◆ WORK REQUEST:
Among the entries below, only the lines starting at the one with "стол 25 с фотопечатью в Таганроге" and ending at the one with "Freshwater Pearl Pendant 3", both included, are to be printed exactly.

◆ DATA FOR ANALYSIS:

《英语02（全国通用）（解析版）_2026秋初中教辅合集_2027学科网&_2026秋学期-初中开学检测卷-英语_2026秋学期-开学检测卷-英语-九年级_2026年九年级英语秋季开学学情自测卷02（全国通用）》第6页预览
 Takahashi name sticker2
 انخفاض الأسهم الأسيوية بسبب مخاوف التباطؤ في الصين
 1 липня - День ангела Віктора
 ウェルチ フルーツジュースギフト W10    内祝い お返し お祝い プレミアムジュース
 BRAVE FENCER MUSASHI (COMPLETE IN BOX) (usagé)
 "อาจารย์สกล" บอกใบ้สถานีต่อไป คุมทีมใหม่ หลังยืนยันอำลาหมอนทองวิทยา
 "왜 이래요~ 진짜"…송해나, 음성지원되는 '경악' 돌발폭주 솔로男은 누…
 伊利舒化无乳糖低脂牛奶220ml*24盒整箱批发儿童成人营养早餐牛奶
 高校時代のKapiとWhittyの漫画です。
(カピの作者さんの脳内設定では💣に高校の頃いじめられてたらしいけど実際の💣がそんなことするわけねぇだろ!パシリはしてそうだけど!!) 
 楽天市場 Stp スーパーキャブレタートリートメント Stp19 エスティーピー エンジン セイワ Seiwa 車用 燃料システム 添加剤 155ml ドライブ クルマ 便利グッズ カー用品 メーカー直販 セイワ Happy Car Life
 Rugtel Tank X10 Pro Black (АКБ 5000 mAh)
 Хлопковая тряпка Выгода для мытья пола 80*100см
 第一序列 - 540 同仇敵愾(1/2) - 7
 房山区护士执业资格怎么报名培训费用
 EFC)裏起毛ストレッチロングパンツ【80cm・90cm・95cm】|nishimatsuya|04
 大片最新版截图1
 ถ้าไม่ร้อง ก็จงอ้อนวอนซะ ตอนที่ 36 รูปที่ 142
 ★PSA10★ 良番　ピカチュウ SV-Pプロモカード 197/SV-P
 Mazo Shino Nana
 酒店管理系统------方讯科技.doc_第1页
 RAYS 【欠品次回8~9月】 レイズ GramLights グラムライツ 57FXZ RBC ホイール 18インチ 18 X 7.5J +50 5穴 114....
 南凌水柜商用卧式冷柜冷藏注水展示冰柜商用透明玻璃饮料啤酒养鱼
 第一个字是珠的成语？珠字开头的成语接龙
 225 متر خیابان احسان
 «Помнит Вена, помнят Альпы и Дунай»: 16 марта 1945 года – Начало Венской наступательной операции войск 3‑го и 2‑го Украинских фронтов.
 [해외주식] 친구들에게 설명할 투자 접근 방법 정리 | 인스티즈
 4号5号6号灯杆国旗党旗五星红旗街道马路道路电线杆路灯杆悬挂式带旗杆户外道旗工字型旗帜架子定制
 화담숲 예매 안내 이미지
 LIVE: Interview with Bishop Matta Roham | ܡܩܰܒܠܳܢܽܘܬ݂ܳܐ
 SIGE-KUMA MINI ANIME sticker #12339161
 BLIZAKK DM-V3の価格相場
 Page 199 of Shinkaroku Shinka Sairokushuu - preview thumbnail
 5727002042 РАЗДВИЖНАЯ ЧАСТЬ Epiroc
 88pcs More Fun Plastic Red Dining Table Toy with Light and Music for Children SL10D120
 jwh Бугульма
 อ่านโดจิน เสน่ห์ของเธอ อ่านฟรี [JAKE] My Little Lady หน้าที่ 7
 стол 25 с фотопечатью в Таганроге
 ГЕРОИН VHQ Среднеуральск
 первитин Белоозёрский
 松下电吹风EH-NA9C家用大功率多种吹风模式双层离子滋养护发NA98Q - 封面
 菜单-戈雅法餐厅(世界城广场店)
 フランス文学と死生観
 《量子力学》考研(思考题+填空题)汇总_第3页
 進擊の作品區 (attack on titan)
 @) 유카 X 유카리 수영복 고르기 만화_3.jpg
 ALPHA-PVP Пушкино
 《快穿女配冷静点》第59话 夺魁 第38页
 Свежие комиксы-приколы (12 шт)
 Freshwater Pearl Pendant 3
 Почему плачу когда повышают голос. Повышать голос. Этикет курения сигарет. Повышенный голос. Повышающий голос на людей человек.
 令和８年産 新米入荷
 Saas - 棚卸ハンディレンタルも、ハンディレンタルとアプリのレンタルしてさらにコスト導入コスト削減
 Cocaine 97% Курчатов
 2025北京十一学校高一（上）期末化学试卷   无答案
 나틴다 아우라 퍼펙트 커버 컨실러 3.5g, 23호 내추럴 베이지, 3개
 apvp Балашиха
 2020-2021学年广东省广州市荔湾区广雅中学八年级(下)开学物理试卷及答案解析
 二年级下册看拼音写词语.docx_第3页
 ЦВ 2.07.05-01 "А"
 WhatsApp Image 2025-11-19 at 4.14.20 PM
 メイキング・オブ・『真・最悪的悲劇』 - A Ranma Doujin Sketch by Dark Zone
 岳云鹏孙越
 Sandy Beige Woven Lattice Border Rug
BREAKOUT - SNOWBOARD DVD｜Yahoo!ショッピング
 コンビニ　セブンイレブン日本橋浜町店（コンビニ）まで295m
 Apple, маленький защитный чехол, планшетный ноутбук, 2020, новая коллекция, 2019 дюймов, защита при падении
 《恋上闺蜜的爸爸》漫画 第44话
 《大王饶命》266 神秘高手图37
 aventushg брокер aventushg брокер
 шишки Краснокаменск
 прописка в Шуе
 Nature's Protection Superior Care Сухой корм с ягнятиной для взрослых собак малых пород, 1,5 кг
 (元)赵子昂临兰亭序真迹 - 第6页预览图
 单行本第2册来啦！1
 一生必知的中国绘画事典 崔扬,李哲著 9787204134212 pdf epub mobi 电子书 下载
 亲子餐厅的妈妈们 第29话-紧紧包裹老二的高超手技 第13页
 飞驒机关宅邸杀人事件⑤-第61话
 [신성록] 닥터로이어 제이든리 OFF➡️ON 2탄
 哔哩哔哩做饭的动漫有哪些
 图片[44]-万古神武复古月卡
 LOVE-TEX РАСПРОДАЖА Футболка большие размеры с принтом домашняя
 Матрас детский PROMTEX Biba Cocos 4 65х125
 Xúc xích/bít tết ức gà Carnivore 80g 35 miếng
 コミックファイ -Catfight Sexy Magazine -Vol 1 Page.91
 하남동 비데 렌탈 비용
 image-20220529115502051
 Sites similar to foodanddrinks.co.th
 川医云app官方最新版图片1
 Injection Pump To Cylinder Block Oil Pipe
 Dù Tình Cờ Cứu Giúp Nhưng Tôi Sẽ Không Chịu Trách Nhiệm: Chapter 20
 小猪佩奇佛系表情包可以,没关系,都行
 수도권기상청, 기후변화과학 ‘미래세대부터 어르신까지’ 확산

◆ TASK SOLUTION:
 стол 25 с фотопечатью в Таганроге
 ГЕРОИН VHQ Среднеуральск
 первитин Белоозёрский
 松下电吹风EH-NA9C家用大功率多种吹风模式双层离子滋养护发NA98Q - 封面
 菜单-戈雅法餐厅(世界城广场店)
 フランス文学と死生観
 《量子力学》考研(思考题+填空题)汇总_第3页
 進擊の作品區 (attack on titan)
 @) 유카 X 유카리 수영복 고르기 만화_3.jpg
 ALPHA-PVP Пушкино
 《快穿女配冷静点》第59话 夺魁 第38页
 Свежие комиксы-приколы (12 шт)
 Freshwater Pearl Pendant 3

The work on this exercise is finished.